Premium Content - Free Preview

To do something useful with graphs, you need to be traverse them systematically to find connections and paths. **Depth-First Search** (DFS) traverses through a graph's nodes by going as far as possible in one direction before backtracking. (See Backtracking for a non-tree example.)

In this Algorithm visualizer you can view the graph as a logical chart or as a list of lists. Pick a start vertex, and then click Run DFS to see the algorithm in action!

### DFS Algorithm

DFS goes through a graph as far as possible in one direction before backtracking to other nodes. DFS is similar to the pre-order tree traversal, but you need to make sure you don't get stuck in a loop. To do this, you'll need to keep track of which Nodes have been visited. Before clicking below, see if you can figure out a recursive algorithm to print out a graph in DFS order.

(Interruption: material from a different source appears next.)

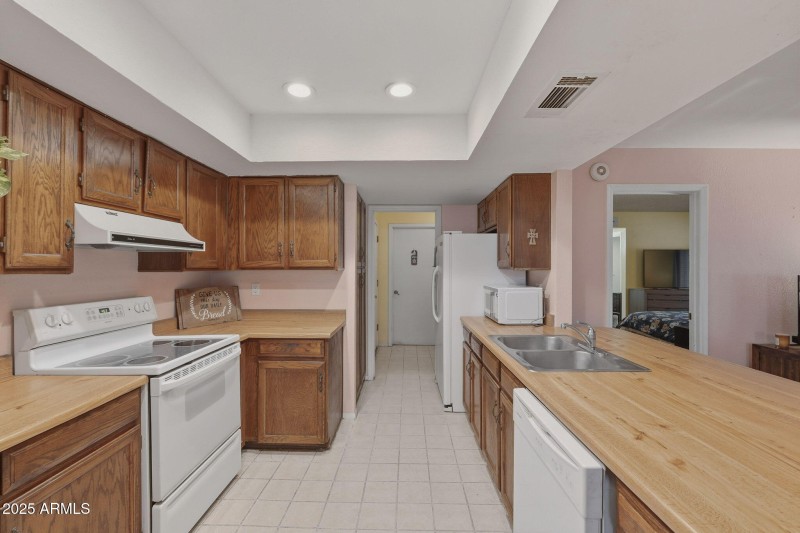 10-web-or-mls-Wood-10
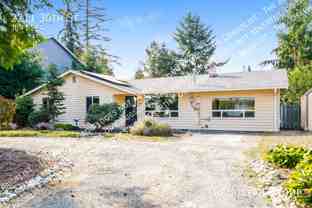 2211 30th St - Photo 1 of 1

- Print the value of the Node N.
- Mark N as visited.
- Get all the adjacent nodes to N.
- Call DFS on every adjacent Node that's not visited.

**Q:** If you're using actual Nodes for your graph, you can mark them as visited, but how will you track visits if you're just using lists of numbers?

**A:** You can use an array of booleans that keeps track of which Nodes have been visited.